It’s now been 20 years since the arrival of the first Porsche Cayenne, and while purists may still deride Porsche’s decision to build an SUV, the Cayenne’s stellar success bankrolled development of multiple Porsche sports cars and helped turned the brand into the powerhouse that it is today.
The Cayenne is currently in its third generation, with the original having made its debut at the 2002 Paris International Motor Show. Understandably, it proved quite controversial back then as Porsche’s lineup had only ever consisted of sports cars, if you exclude the tractors it also made in its early days.
However, the Cayenne soon proved to be the sportiest of SUVs and in quick time became Porsche’s most popular model. In fact, the Cayenne helped save Porsche from serious financial hardship.
In the early 1990s, Porsche was losing money. A more affordable sports car was conceived and eventually launched in 1996 as the Boxster. Porsche found success with the Boxster but the automaker knew it needed a third product line, one less susceptible to economic downturns than sports cars, to create a firm footing.
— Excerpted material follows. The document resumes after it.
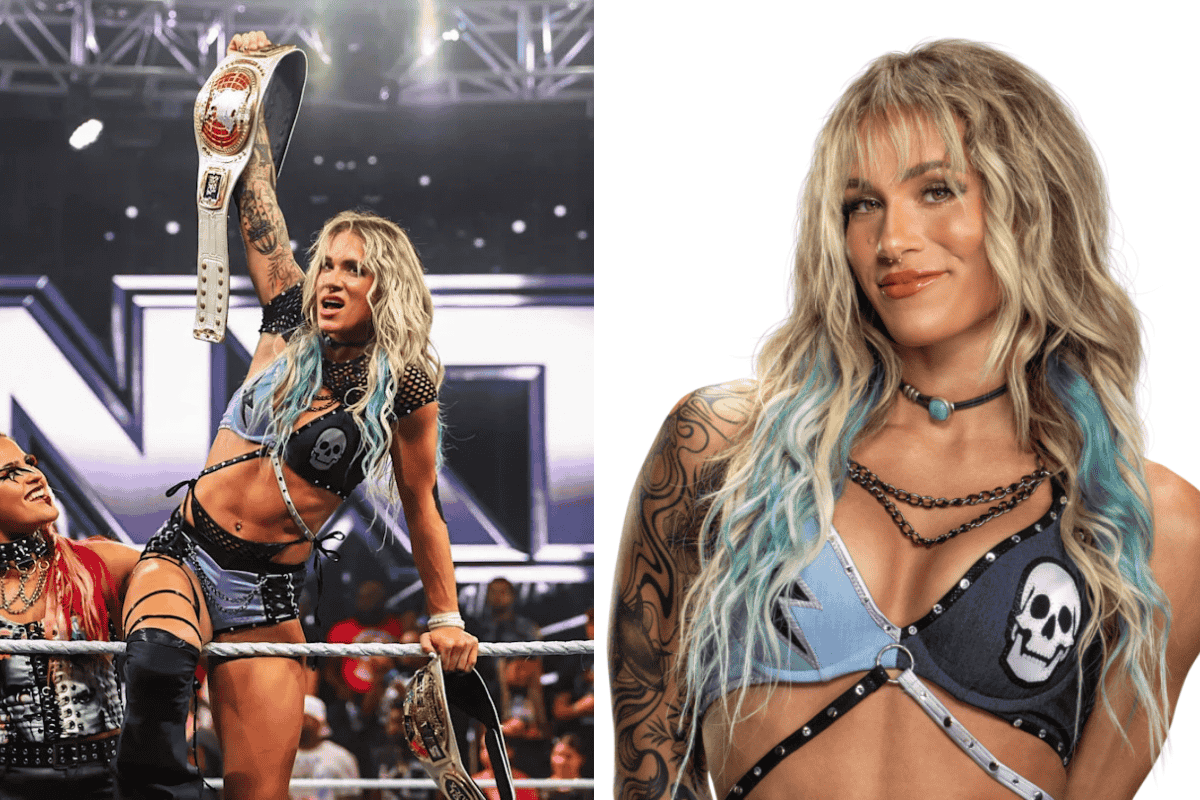 NXT Star Reportedly Getting a Refresh Before WWE Main Roster Call-Up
Porsche board members inspect a first-generation Cayenne prototype in June 2000
A sedan and even a minivan were considered, but on recommendation of Porsche’s U.S. sales team an SUV was decided upon. The new product line was first announced in 1998, though at the time it was known only as Project Colorado. The goal for engineers was a vehicle that was powerful and dynamic and suitable for all types of terrain.
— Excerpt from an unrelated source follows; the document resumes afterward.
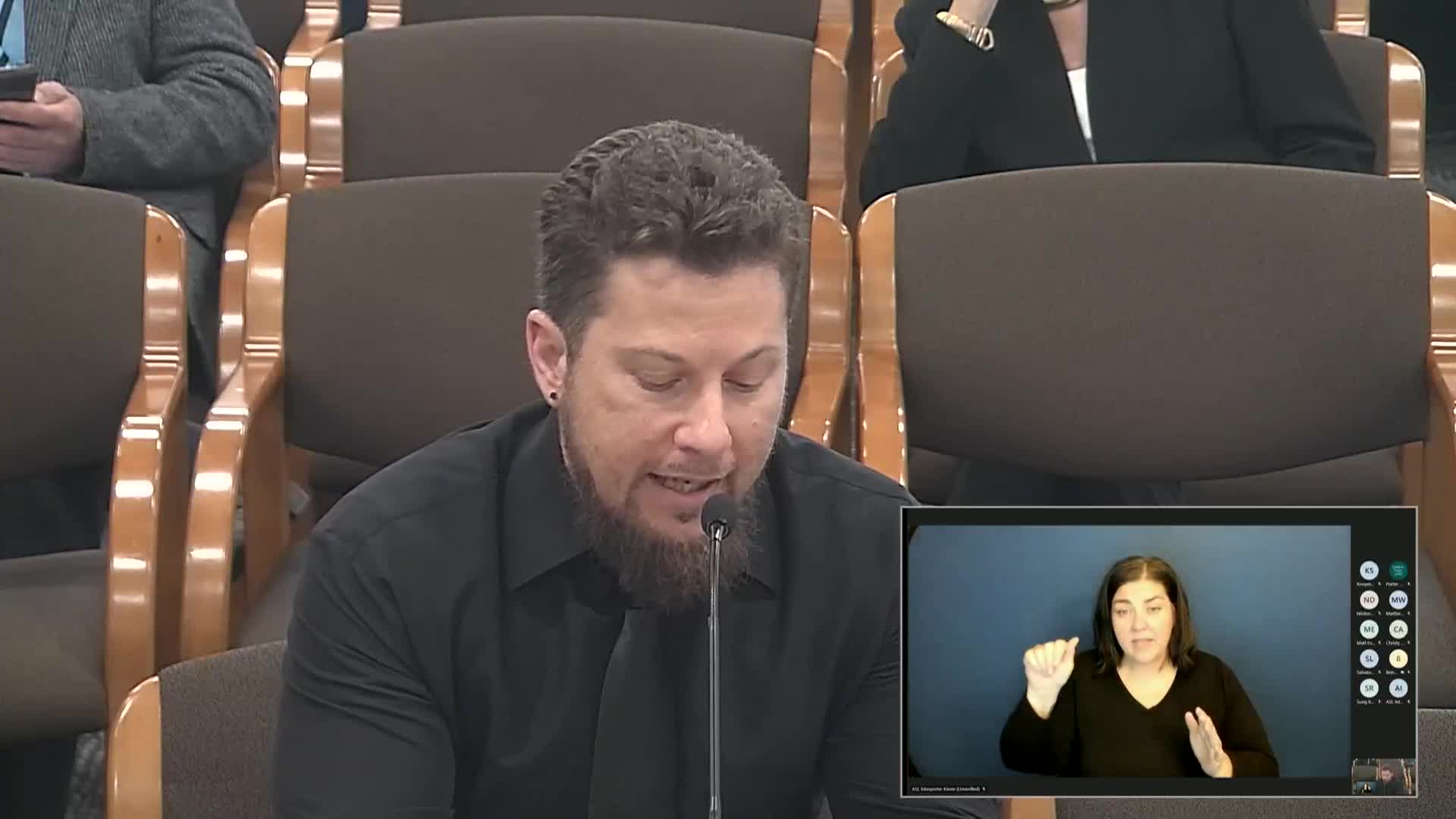 Oregon retailers unite against Senate Bill 11 98's vague regulatory authority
Rather than go it alone however, Porsche teamed up with Volkswagen which developed the first Touareg alongside the first Cayenne. Launching an SUV was already quite the risk, but there was even more pressure as Porsche would need a new production site, too.
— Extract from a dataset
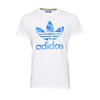 Adidas Originals Adidas Mens Camo T-Shirt (White)-X-Large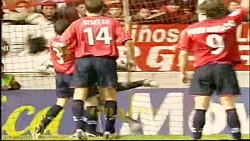 رونالدینیو در بارسلونا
The decision was made to build the new plant in the German city of Leipzig, and in August 2002, two years after construction started, the plant was ready to go. A month later the Cayenne was revealed to the world in Paris.
Today, the Cayenne vies with its smaller brother, the Macan, in the sales race. Porsche has just expanded the line to include a coupe-like body style, and in the future we’re likely to see a battery-electric powertrain added.